I have just read that a power station site I worked on in Ireland in the early 1980s is getting an environmental retrofit. Retrofit? It only seems like yesterday that I was flying into Shannon Airport, hiring a car and driving the forty miles to Kilrush. The station was to be built on rock, and the firm I worked for was doing the ground investigations for the foundations.

Though I visited the site every few weeks, I can’t remember much about the project (except an incident involving the Irish police, explosives and cows). What I remember more than the technical stuff is the hotel I was booked into each time I went there. At least Basil Fawlty took an interest in the day-to-day running of his hotel, whereas the staff at this Kilrush place seemed to stumble along completely unsupervised. My colleague, a civil engineer, was given a bedroom with a window whose pane of glass had been cut half an inch too short. The window-width gap between the frame and the pane had been packed with tightly folded tissues, presumably not by the staff but by a previous occupant. Kilrush is close to the estuary of the River Shannon and the winds there can be awesome, straight off the North Atlantic. During the night my colleague woke when a gale got up and the tissues blew out. It wasn’t only the wind that got in. He told me next morning that he swung out of bed and placed his feet on a soaking wet rug. ‘It’s for the ventilation, Sor,’ was, in his opinion, an inadequate explanation.

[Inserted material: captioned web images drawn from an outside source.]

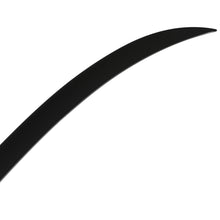 Spoiler Lip Posteriore Nero Lucido BMW Serie 3 E90 05-12 - foto 9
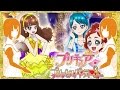 【GO!プリンセスプリキュア】DCD プリキュア プリンセスパーティー3弾 ハロウィンパーティー 30枚排出レビュー！GO! Princess Precure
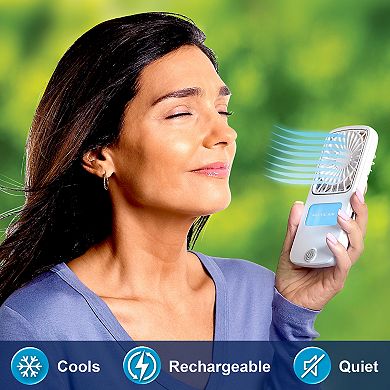 Arctic Air Pocket Chill Personal Air Cooler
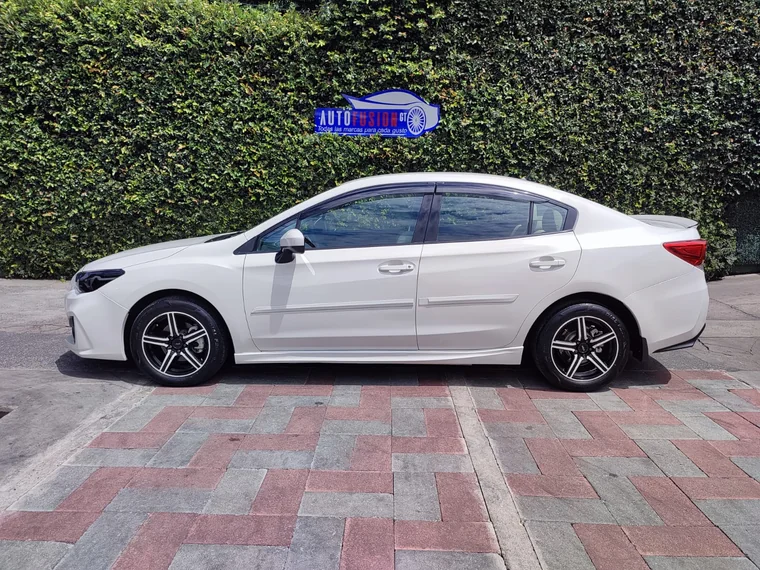 Subaru IMPREZA 2017 - Vista 4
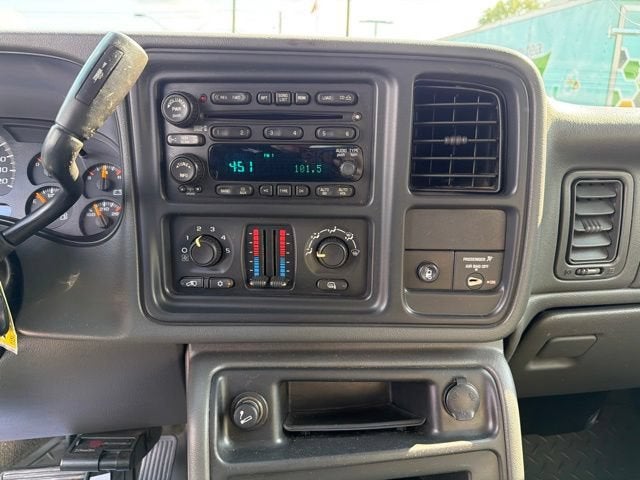 2005 GMC Sierra 2500 HD SLT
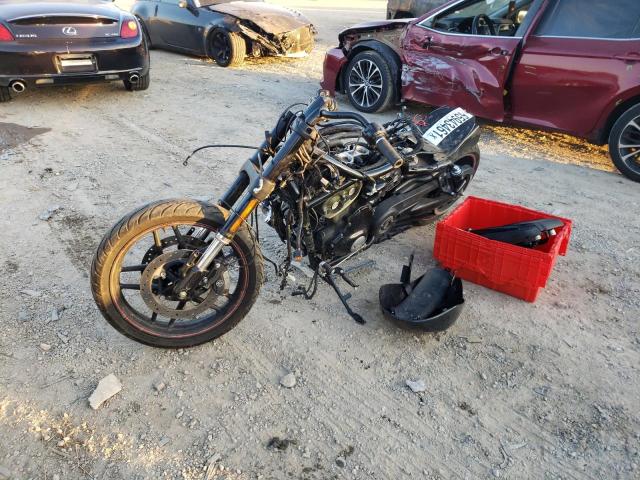 2015 HARLEY-DAVIDSON VRSCDX NIG 1HD1HHH19FC804778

The hotel was full, about twenty people. They were all eating breakfast in the dining room when a guest at one of the tables complained to the waitress about his meal. The argument that followed was straight out of Faulty, with neither party giving way. The waitress stomped off and didn’t come back. The guests waited for a good ten minutes before one of them got up and went to find out what had happened to the breakfast he’d ordered. Except he couldn’t, because the waitress had locked us all in the room and gone home.